(Collected data entries)

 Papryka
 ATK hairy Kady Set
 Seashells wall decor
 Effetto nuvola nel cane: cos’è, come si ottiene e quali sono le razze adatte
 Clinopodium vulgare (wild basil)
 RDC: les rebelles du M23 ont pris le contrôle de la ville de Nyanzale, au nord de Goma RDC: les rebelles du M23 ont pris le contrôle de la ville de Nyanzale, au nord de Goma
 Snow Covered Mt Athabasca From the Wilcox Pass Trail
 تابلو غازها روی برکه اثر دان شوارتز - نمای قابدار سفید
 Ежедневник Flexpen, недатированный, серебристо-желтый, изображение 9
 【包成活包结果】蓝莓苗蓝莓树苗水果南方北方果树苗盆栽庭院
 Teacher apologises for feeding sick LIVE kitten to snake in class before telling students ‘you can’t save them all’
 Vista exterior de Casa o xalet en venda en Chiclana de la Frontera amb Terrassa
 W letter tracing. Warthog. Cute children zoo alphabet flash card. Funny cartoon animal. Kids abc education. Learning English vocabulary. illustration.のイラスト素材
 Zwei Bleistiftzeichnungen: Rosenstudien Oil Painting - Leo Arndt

| What you will do |
Could you reproduce the lines above, from the one that holds "Snow Covered Mt" through the last, exactly as they stand?

| Output of the task |
 Snow Covered Mt Athabasca From the Wilcox Pass Trail
 تابلو غازها روی برکه اثر دان شوارتز - نمای قابدار سفید
 Ежедневник Flexpen, недатированный, серебристо-желтый, изображение 9
 【包成活包结果】蓝莓苗蓝莓树苗水果南方北方果树苗盆栽庭院
 Teacher apologises for feeding sick LIVE kitten to snake in class before telling students ‘you can’t save them all’
 Vista exterior de Casa o xalet en venda en Chiclana de la Frontera amb Terrassa
 W letter tracing. Warthog. Cute children zoo alphabet flash card. Funny cartoon animal. Kids abc education. Learning English vocabulary. illustration.のイラスト素材
 Zwei Bleistiftzeichnungen: Rosenstudien Oil Painting - Leo Arndt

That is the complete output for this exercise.